January 21st, 2017: After the PBOC regulatory spot-check, Huobi releases a memo on their website announcing that they will begin charging a 0.2% transaction fee in order to “take a step towards controlling speculation and limiting price volatility” in crypto-markets. BTTC and OKcoin make similar announcements.

January 24th, 2017: Huobi, BTTC, and OKcoin all  begin charging 0.2% transaction fees and cease margin lending. Soon after, trade volumes on Chinese exchanges dropped sharply.

January 25th, 2017: The PBOC announces that they will continue to investigate Chinese crypto-exchanges for possible violations of payment settlement, anti-money laundering, foreign exchange capital control, and safety laws and regulations.

February 8th, 2017:  Sina news agency publishes an article announcing that the PBOC met with the leaders of all the major Beijing based crypto-exchanges.

February 9th, 2017: The PBOC issues a statement confirming that they met with leaders from ChBTC, BtcTrade, HaoBTC, Yunbi, YuanBao, BTC100, Jubi, Bitbays, and Dahonghuo to discuss their ongoing investigation into the business practices of domestic crypto-exchanges.  

According to the memo, the purpose of the meeting was to clarify the PBOC’s compliance requirements. The PBOC states that it will require crypto-exchanges to comply with all relevant finance laws and regulations, and will not tolerate money laundering, foreign exchange capital control violations, or tax evasion.
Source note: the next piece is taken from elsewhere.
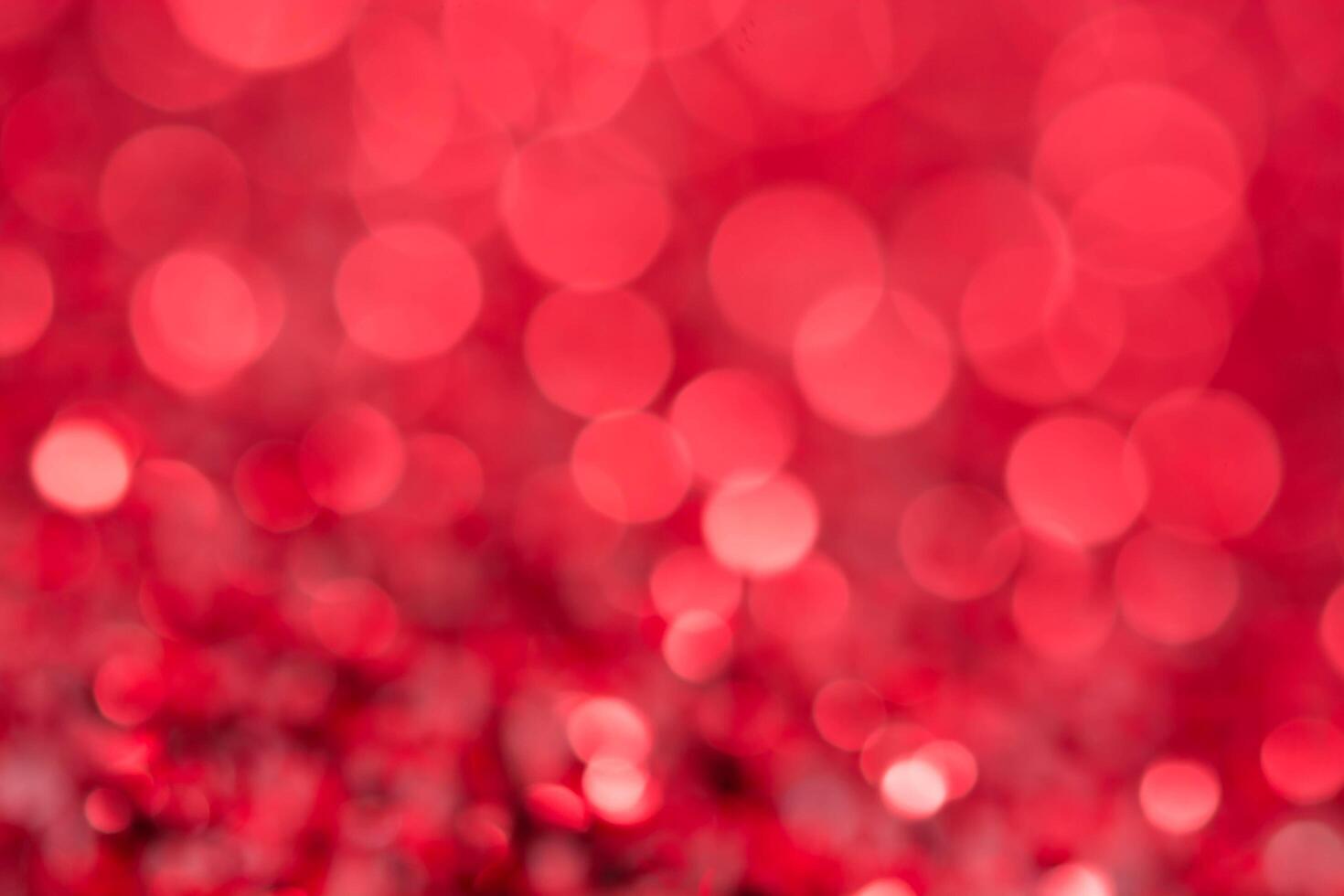 Red bokeh holiday textured Christmas decorations background photo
The memo concludes by saying that they will close down any crypto-exchanges that are found to be non-compliant with the law.

Later that afternoon, these nine crypto-exchanges as well as Huobi, OkCoin and BTTC released a statement to their users announcing that they would begin complying with Know Your Customer  (KYC) and Anti-Money Laundering (AML) guidelines. Specifically, they announced that they would start collecting customer identification information and improve their ability to track the source of user funds. Additionally, they state that any users that are discovered to be using their platforms for illegal purposes may have their accounts frozen.

In separate statements released by Huobi and OkCoin, the two largest chinese crypto-exchanges announced that they will immediately stop withdrawals of Bitcoin and Litecoin.

The source(s) of Bitcoin’s value

Bitcoin initially raised eyebrows and whetted appetites because of its novelty as a decentralized, unregulated, and borderless currency. Despite increasing compliance with KYC and AML guidelines, Bitcoin is still associated in the minds of many as a means of side stepping capital controls, particularly those perceived as unfair.

More and more world governments are beginning to normalize Bitcoin and bring it into some kind of regulatory fold. If the price of Bitcoin can remain relatively stable in response to enhanced regulation and oversight, it would indicate that people increasingly value Bitcoin for reasons other than its ability to circumvent financial regulation. In the past, tightening monetary controls on fiat currencies have pushed the price of the borderless, ‘anonymous,’ regulation-free cryptocurrency up. If monetary controls tighten around Bitcoin without pushing its price down, cryptocurrencies will have turned a page in their history of challenging the financial status quo.